China's vehicle sales will grow by around 10 to 15 percent this year after jumping 32 percent to 18.06 million units in 2010, according to the China Association of Automobile Manufacturers.

Russian Supply

Russian supply increased 2.1 percent to 3.71 million ounces last year, representing 52 percent of global supply, according to a November report from Johnson Matthey Plc, a London-based refiner. Of Russia's total, 1.01 million ounces was from stockpiles, it estimated.

OAO GMK Norilsk Nickel, the world's biggest palladium producer, said last month it expects Russia's state repository Gokhran to sell "insignificant" amounts in 2011 before exiting from global markets in 2012. The company may also supply the metal to exchange-traded funds, it said.

"Russia is said to be completing palladium sales from the state reserves," Ikemizu said. "There are concerns about supply" as the nation's shipments may become as small as its production level, he said.

2001 Record

Palladium soared to a record in January 2001 as a disruption in Russian shipments spurred speculators in futures on the Tokyo Commodity Exchange to buy back the contracts. The bourse was the largest for palladium futures at the time. The most-active contract jumped to an all-time high of 3,710 yen a gram on Jan. 29, 2001. It rose 2 percent to 2,178 yen yesterday.

Palladium supply exceeded demand by 45,000 ounces last year, the lowest amount since a shortage in 2000, according to the Johnson Matthey report. Sales from Russian state stockpiles were the third-biggest contributor to world supply after mine output from Russia and South Africa, it said.

Car-sales growth will also boost platinum to as high as $2,000 an ounce this year, Ikemizu said. It is unlikely to drop below $1,600 given the costs to produce the metal in South Africa, the world's biggest supplier, he said.

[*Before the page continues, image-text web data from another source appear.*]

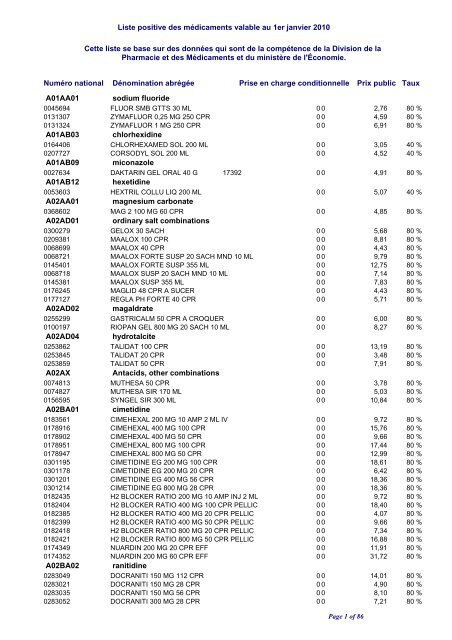 propranolol 40 mg lp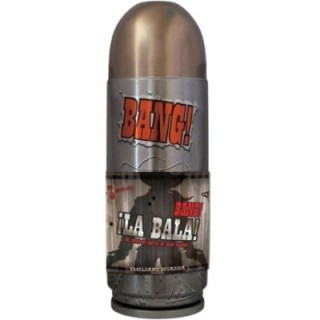 juegos juego de mesa asmodee bang  la bala pegi 8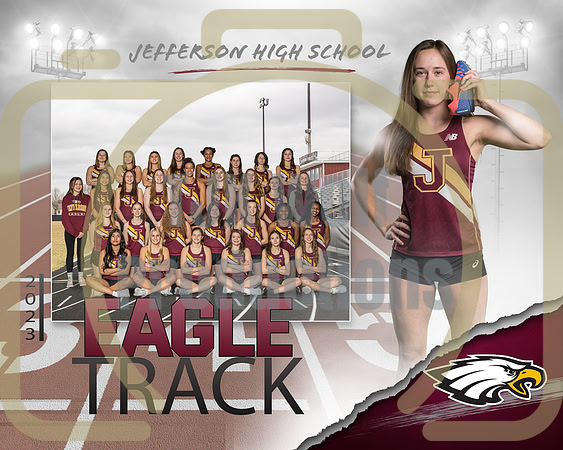 Emma Riedl Banner_3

Platinum is mainly used for catalysts in diesel vehicles, which are popular in Europe.

"Palladium will benefit more from car-sales growth as it is more affordable than platinum," said Kazuhiko Saito, an analyst at Tokyo-based broker Fujitomi Co. "Platinum isn't used much as an auto catalyst in China, where demand for jewelry fabrication is strong."

Platinum for immediate delivery lost 0.4 percent to $1,794 an ounce at 2:59 p.m. in Tokyo yesterday after reaching a two- month high on Jan. 12. It climbed to a record $2,301.5 in 2008.